So many farmers across the Mid-South have had to replant this year.
Flooding, backwater, and excessive rainfall seem to be the main culprits. News agencies have covered flooding across parts of the Midwest down to Louisiana. I personally saw large portions of corn and soybean fields in the Mississippi Delta pummeled by rising and then receding water.
I photographed Arcola, Miss., farmer Bubba Simmons standing on a bridge spanning the Sunflower River, its banks barely containing the high, rushing water. His frustration was painfully evident because he faces replanting almost 2,000 acres. But he also feels for the many growers in the south Delta who will not have an opportunity to plant one seed.
As I travel across the Mid-South covering agriculture, I have stopped being surprised at the resiliency and patience of farmers and cotton ginners too — and how many of them play a game I have learned to love and hate — golf.
I have lost count of the farm and/or gin offices I have walked into and seen clubs leaning against desks or framed pictures of famous golfers, or farmers and ginners themselves with golfing friends, hanging on the walls. I always ask about their game and most of them beam with joy as they share a story of a golfing memory. All too often many of them end their comments by stating what a frustrating game golf can of course be.

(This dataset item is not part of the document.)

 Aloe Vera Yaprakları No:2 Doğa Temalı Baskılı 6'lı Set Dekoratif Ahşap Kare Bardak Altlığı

Patience and resiliency, the two traits most farmers possess, are also found in most successful golfers. Whether it is the ability to recover from a poor start to a farming season and make a good crop, or to double bogy the first few holes of the day, and then rebound to card a string of pars, the parallels between farming and golf are easily drawn.

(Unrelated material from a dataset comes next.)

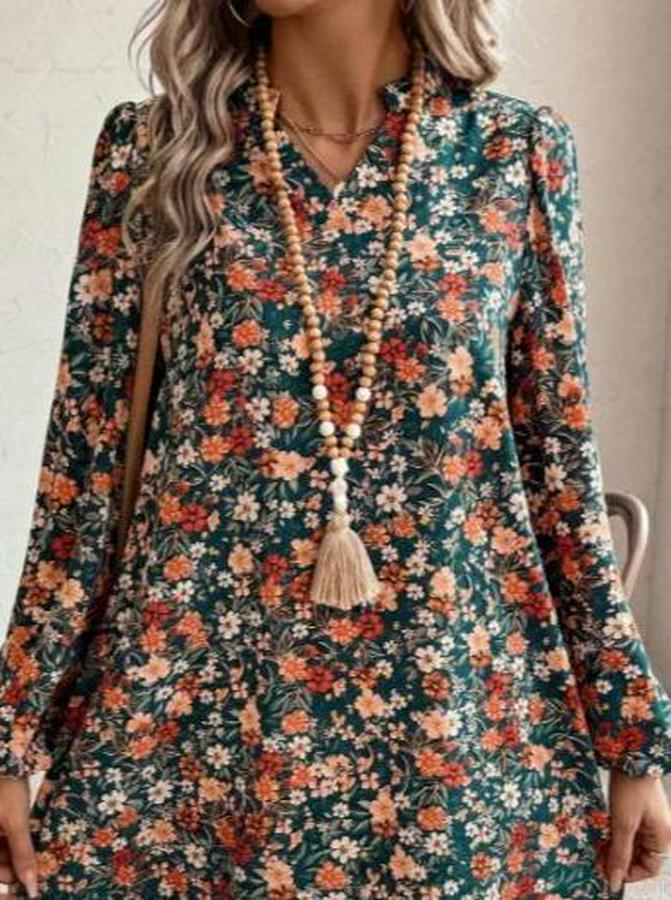 Uzun Kollu V Yakalı Desenli Modal Mini Elbise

Countless factors influence a crop, like cotton, each season. From cold temperatures that slow or stall germination, to brutality hot temperatures and humidity that, if they continue into the night, can leave a crop struggling to cool itself by expending what nutrients it has taken in that day. Weather influences, like high winds, can obviously have negative effects on the flight of a golf ball and the distance it can travel — hence the golfing term “two-club wind.”
GPS technology has dramatically increased efficiencies across the farming landscape. When peanut harvest begins on Joe Morgan’s Hattiesburg, Miss., peanut operation, his drivers do not have to guess where the middle of the row is located despite excessive vine growth.
Many recreational golfers today use hand-held range finders that provide exact distances based on GPS technology — a technology that has improved so many aspects of today’s world, not just farming and golf.
While there are parallels that may be drawn between golf and farming, farming is big business, golf is just a game, and that’s where the parallels end.